Saturday, November 19, 2022

Predicting the house sale price using Multiple Linear Regression

 Home buyers always worry about overpaying for the house of their choice. It is natural for all buyers to get a second price consultation or to make sure that the house price is within a reasonable price range for that locality. On the other hand, potential house sellers will want to understand which features(or amenities) influence the house price the most. This study focuses on taking historic house sale prices of King County from the year 2014 - 2015 and building a Regression model that can help users understand which features affect the price the most and also predict the price with reasonable accuracy and confidence level.

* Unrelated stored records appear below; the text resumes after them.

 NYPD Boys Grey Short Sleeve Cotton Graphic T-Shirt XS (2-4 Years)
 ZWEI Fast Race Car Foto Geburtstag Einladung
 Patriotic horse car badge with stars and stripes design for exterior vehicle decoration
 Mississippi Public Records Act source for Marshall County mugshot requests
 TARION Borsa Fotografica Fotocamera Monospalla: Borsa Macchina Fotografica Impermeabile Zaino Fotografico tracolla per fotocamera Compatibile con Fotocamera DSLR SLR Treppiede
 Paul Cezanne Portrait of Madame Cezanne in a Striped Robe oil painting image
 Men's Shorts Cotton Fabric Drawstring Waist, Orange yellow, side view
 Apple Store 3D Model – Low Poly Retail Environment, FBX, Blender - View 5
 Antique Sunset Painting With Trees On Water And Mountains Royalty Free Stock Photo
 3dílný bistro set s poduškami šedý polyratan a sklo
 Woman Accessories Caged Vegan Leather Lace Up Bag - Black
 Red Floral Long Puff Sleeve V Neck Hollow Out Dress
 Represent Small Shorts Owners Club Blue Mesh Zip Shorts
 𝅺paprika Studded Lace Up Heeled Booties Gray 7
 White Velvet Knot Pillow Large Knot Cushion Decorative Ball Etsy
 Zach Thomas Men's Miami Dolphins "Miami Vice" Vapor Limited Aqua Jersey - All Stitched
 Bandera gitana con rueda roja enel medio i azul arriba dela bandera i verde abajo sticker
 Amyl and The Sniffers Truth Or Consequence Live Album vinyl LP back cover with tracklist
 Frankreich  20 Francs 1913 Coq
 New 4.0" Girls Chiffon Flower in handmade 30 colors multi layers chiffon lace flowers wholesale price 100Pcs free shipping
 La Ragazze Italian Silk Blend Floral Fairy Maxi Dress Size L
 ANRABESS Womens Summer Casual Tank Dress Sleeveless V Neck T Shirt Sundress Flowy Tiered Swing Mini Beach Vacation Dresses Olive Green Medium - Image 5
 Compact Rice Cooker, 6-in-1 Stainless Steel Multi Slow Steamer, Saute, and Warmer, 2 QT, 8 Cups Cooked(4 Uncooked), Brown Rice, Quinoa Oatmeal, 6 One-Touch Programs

Our project will incorporate the following topics :

  • Variable manipulation
  • Multiple Linear regression
  • Residual diagnostics
  • Data analysis and interpretation
  • Model Building
  • Model Evaluation

Exploring the variation of house pricing in King County Washington


Link to Full Code :


Description of Dataset Variables

This dataset has 21,613 observations and 21 variables. These variables consist of a numeric response variable of interest and other numeric, categorical, and continous predictor variables. Some of the more important variables are the following :-

Variables Description
Price Price of each house sold
Bedrooms Number of Bedrooms
Bathrooms Number of Bathrooms
Sqft_living Square footage of the apartments interior living space
Sqft_loft Square footage of the land space
Floors Number of floors
Waterfront Whether the apartment was overlooking the waterfront property
Condition Condition of the property
Building Grade Rating the quality of the construction and Design
Sqft_above Square footage of the interior housing space that is above ground level
Sqft_below Square footage of the interior housing space that is below ground level
Zipcode Zipcode of the locality

Dataset Source

This data for the dataset was provided by King County, Washington.It includes details of houses sold in King Country from May 2014 - May 2015. Dataset Source

As stated above our goal is to come up with a model that will be able to predict house prices with a resonable accuracy and in doing so we will discuss the various models chosen as initial contenders based on different metrics and reason why we believe the final model is the most suited to solve the problem.


Data Preparation

Read the file.
Following additional features derived added to the data.
- age : Derived age of the house from year built.
- renovated : Derived based on year renovated. - distance : Derived distance from house to the city center.
- cluster : There are over 100 zipcodes. Converted them to 20 clusters so that they can be treated as factors.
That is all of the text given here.